Polymers have desired properties such as flexibility, water resistance and electrical conductivity

Polymers are well-known macromolecules in materials science and engineering communities, but most of us may not be aware of how often we're touching, using and interfacing with these materials. Polymers can be engineered to have desired properties such as flexibility, water resistance or electrical conductivity. Nonstick cookware and construction materials, for example, include the polymers polytetrafluoroethylene and polyvinyl chloride.

Figuring out which combinations of materials will make the most effective polymers is a monumental and time-consuming task because the combinations are essentially endless. Now, researchers at Georgia Tech have developed a machine-learning model that could revolutionize how scientists and manufacturers virtually search the chemical space to identify and develop these all-important polymers. The U.S. National Science Foundation-supported team published its findings in Nature Communications.

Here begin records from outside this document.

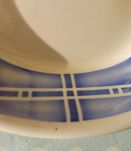 Service 6 assiettes liserer bleu Sarreguemines "Rostand"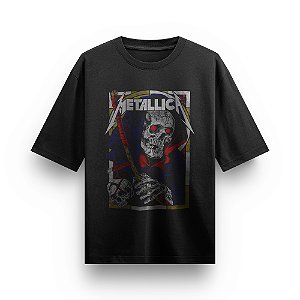 Camiseta Oversized Bandas de Rock Banda Metallica Heavy Metal Envio Imediato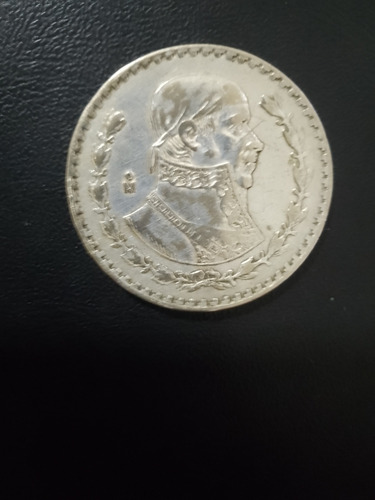 Moneda 1 Peso Estados Unidos Mexicanos Plata 0.100 Km 459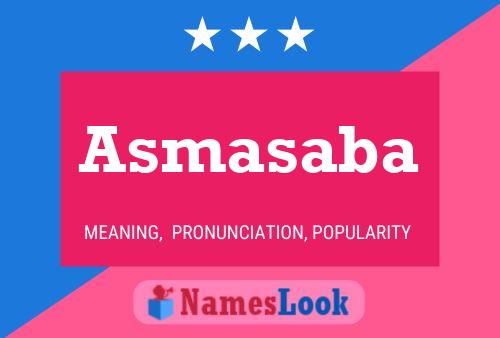 ملصق اسم Asmasaba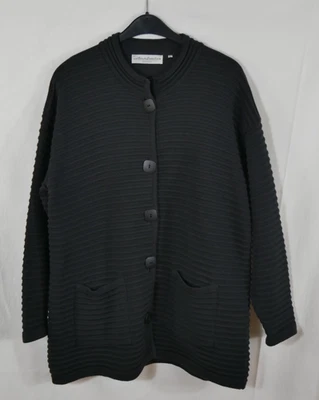 ANNLOUISE COLLECTION Strickjacke Grobstrick Schwarz Hochwertig Größe 44/46 TOP! - Bild 1 von 4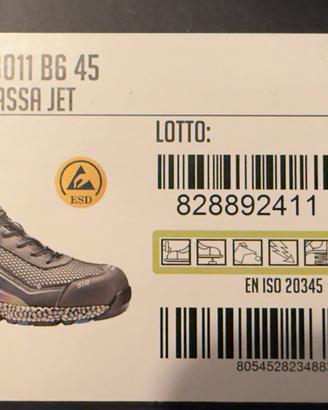 Scarpa antinfortunistica Sir Safety JET tg.45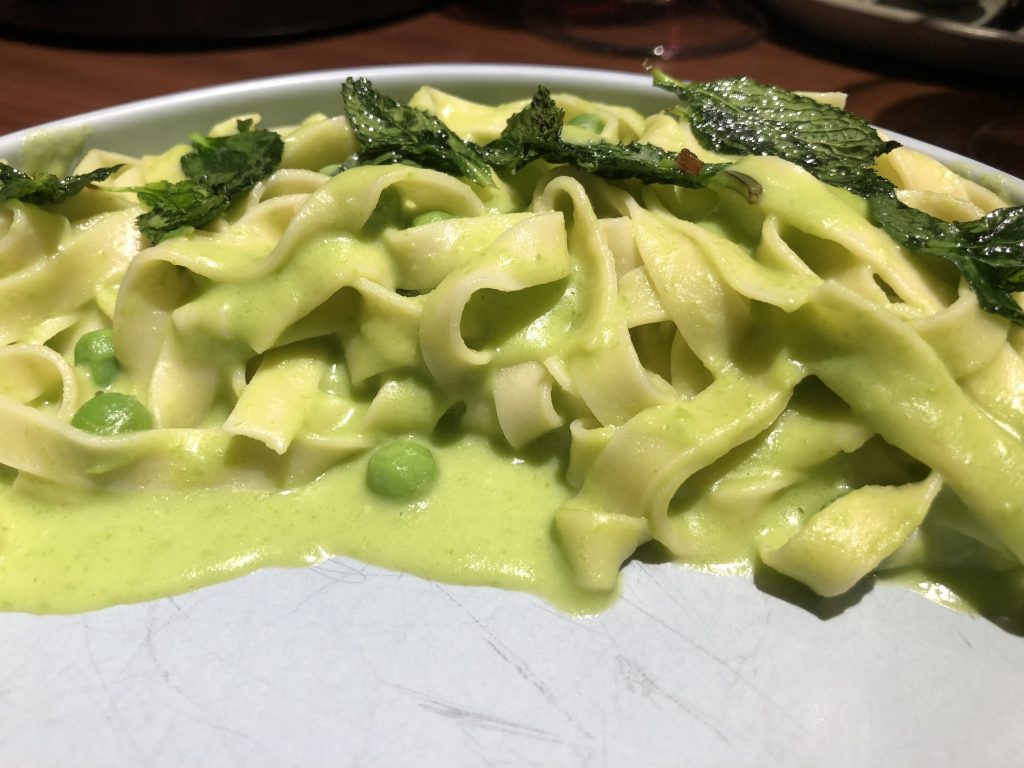 Pasta with whatever
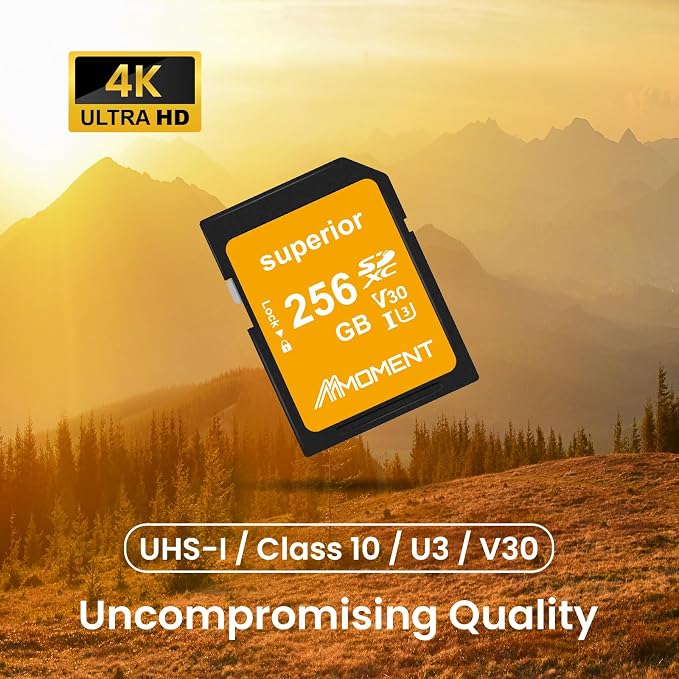MMOMENT 256GB Full-Size SD Card UHS-I U3 V30 Class 10 High Speed SDXC – Up to - Image 4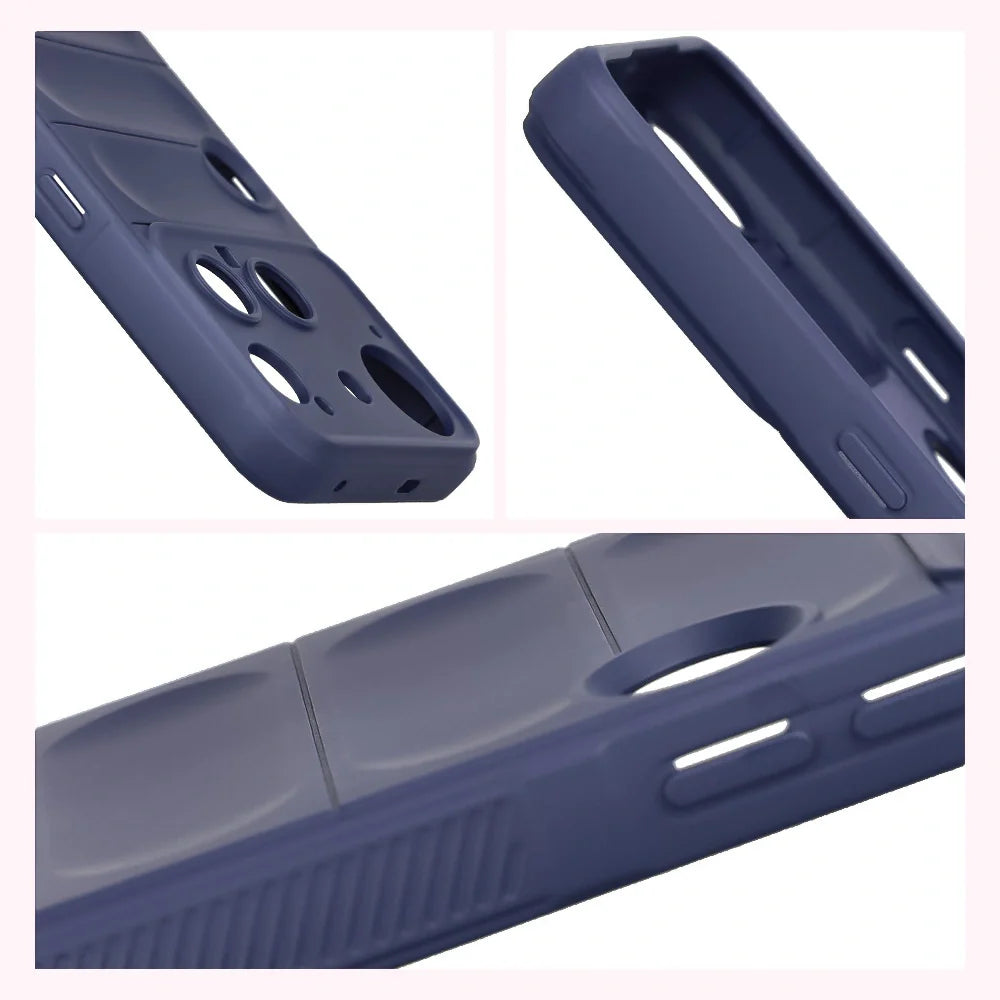Robuste Handyhülle für Nothing Phone (3), Bizon Case Tur, Dunkelblau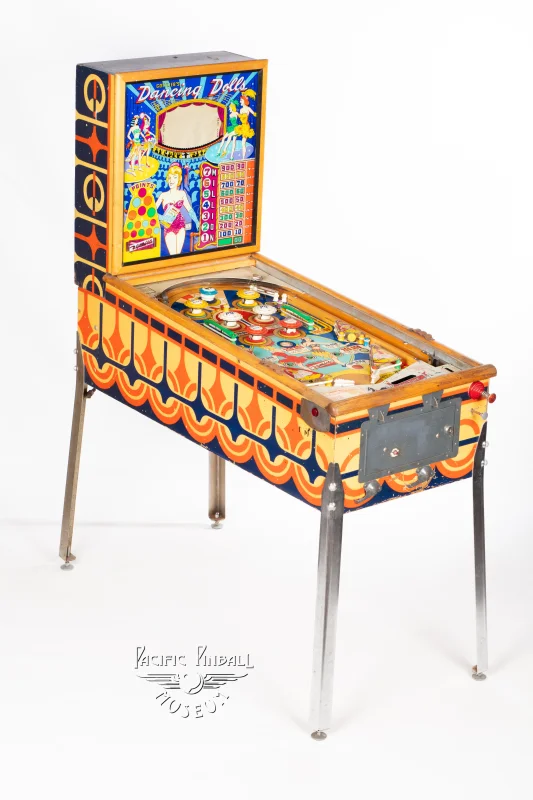 dancing-dolls-129-34.jpg pinball machine - Preview image showing playfield artwork and design details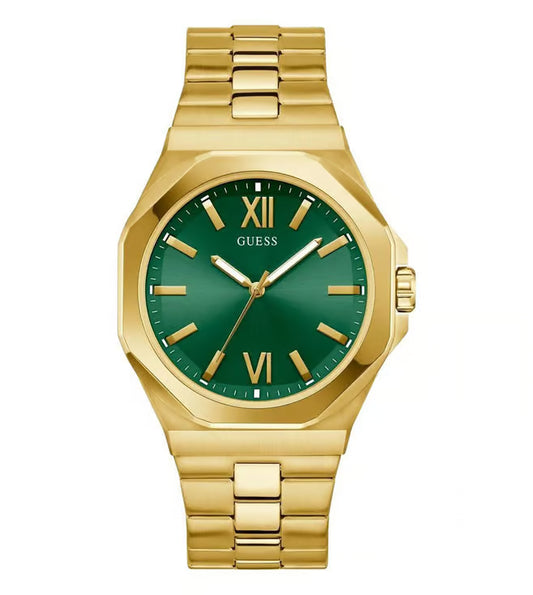 GUESS Emperor Champagne Round Dial Analog Men's Watch - GW0849G2
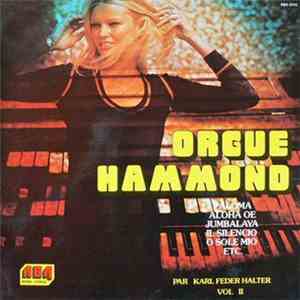 Karl Feder Halter - Orgue Hammond Vol II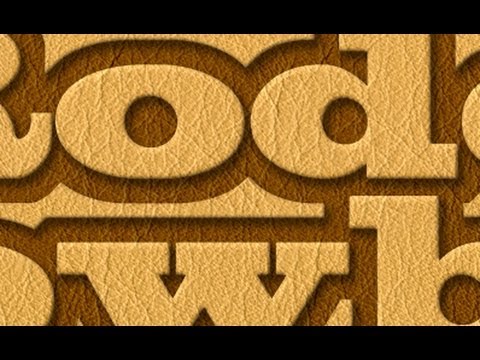 Tutorial Photoshop: come creare TESSUTI e FORME spessi e in rilievo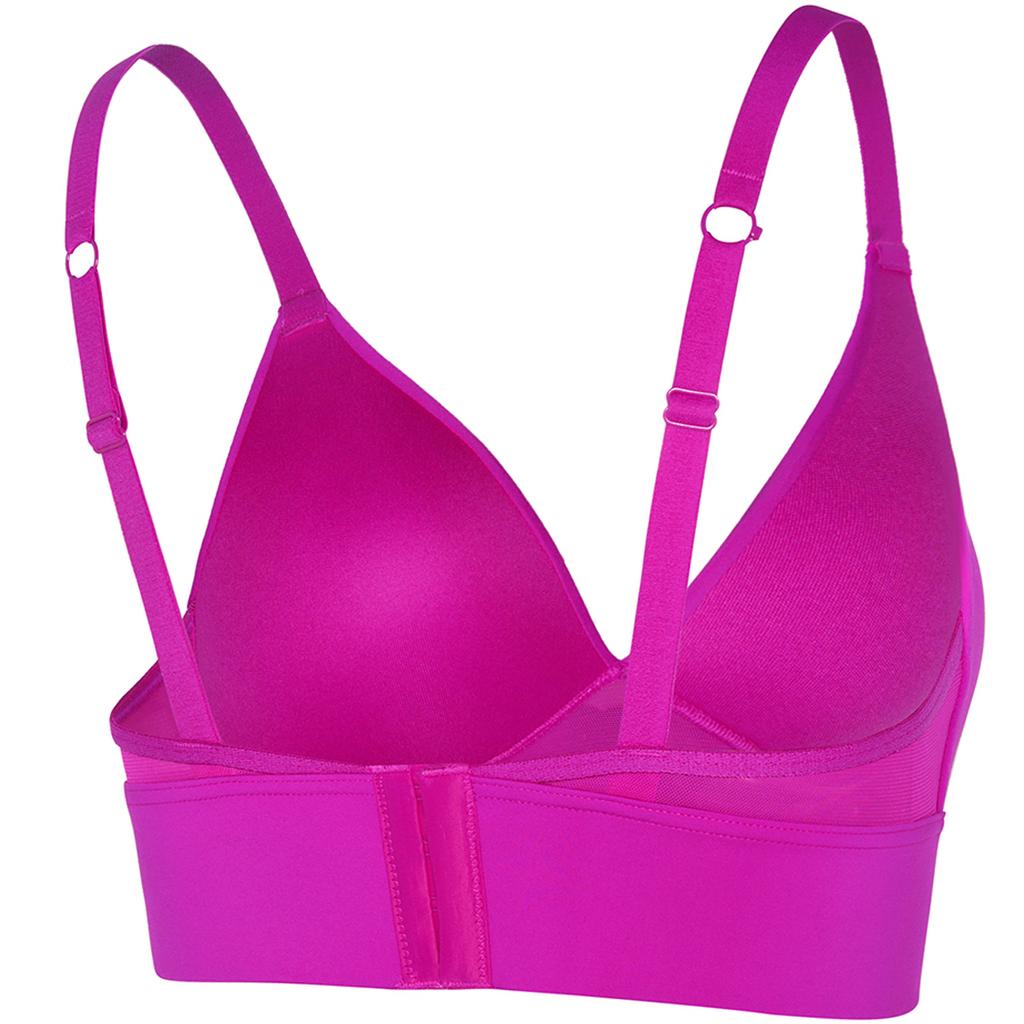 Puma Sports-BH i ensfarget med full dekning Dame-BH Lilla 701229178-002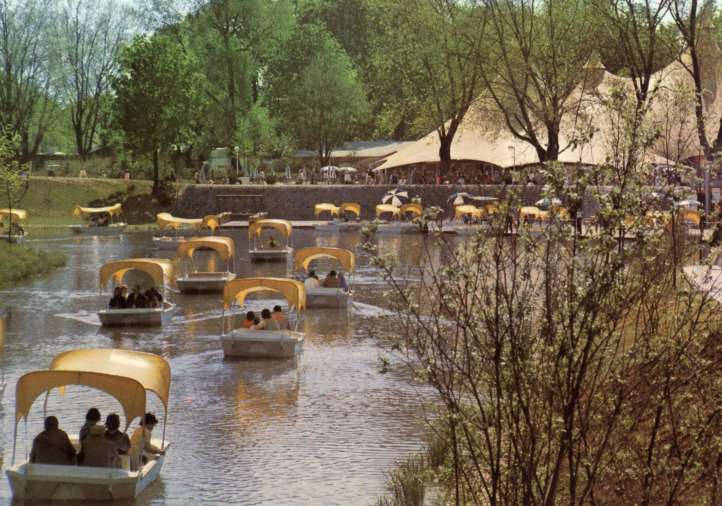 Gondolettas im Kutzerweiher u. Gastronomie Baumhain, 1975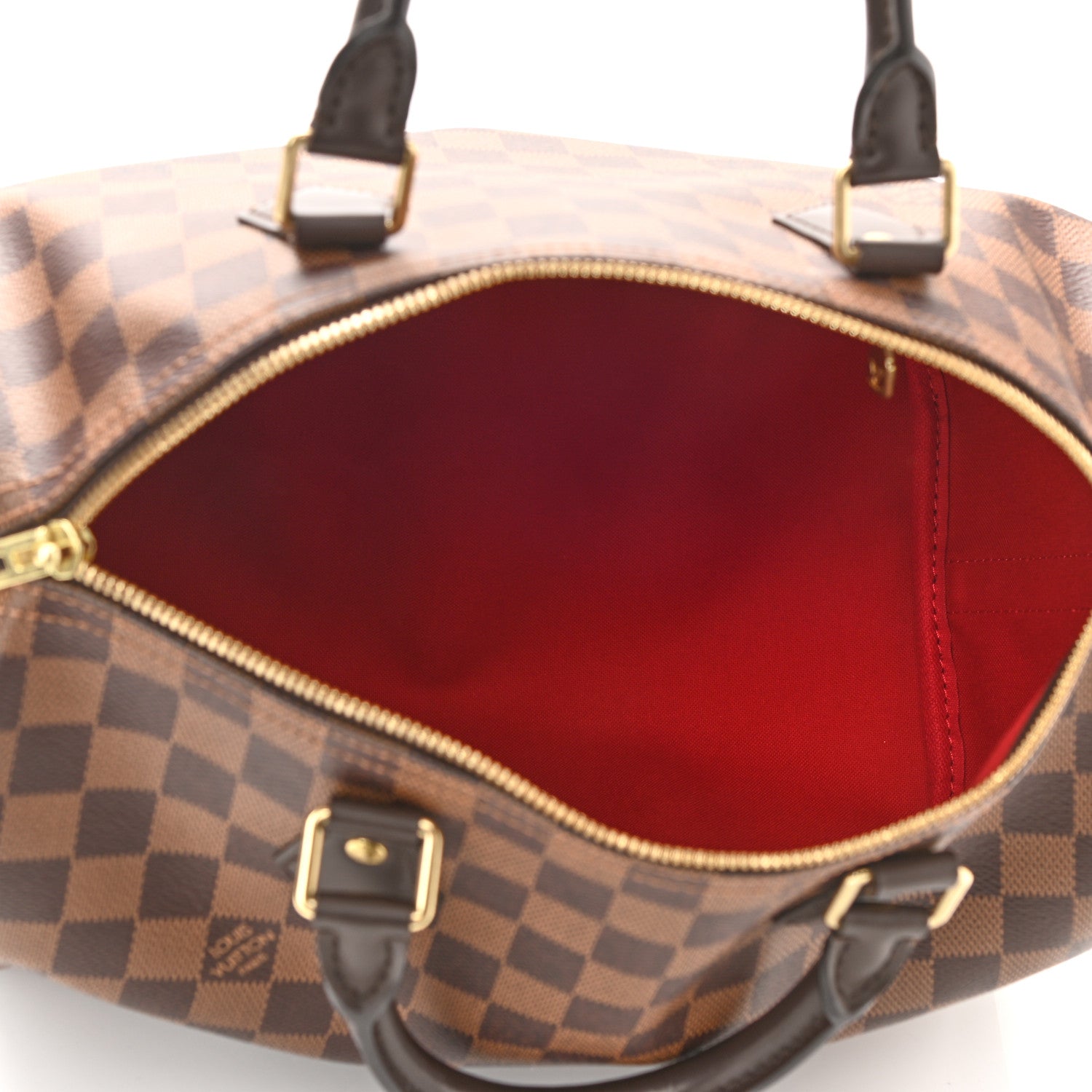 Louis Vuitton Damier Ebene Speedy Bandouliere 30 5 of 9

The work was conceived and guided by engineer Rampi Ramprasad at Georgia Tech. The new tool aims to overcome the challenges of searching the large chemical space of polymers. Trained on a massive dataset of 80 million polymer chemical structures, polyBERT, as it's called, has become an expert in understanding the language of polymers.

"This is a novel application of language models within polymer informatics," said Ramprasad. "While natural language models may be used to extract materials data from the literature, here, we aim such capabilities at understanding the complex grammar and syntax followed by atoms as they come together to make up polymers."

PolyBERT treats chemical structures and connectivity of atoms as a form of chemical language and uses state-of-the-art techniques inspired by natural language processing to extract the most meaningful information from chemical structures. The tool uses Transformer architecture, used in natural language models, to capture the patterns and relationships and learn the grammar and syntax that occur at the atomic and higher levels in the polymer structure.

Speed is one remarkable advantage of polyBERT. Compared to traditional methods, polyBERT is over two orders of magnitude faster. This high-speed capability makes polyBERT an ideal tool for high-throughput polymer informatics pipelines, the researchers said, allowing for the rapid screening of massive polymer spaces.

With advancements in graphics processing unit technology, the computation time for polyBERT fingerprints is expected to improve even further, according to the researchers.

“Researchers funded by the NSF Partnership for Innovation program are developing a new artificial intelligence tool to overcome the challenge of determining which combinations of chemicals will make the most effective polymers,” says Debora Rodrigues, a program director in NSF’s Directorate for Technology, Innovation and Partnerships. “They’re using AI to train on a massive dataset of 80 million polymer chemical structures, allowing for the rapid screening of diverse polymers without the need of laboratory experimentations.”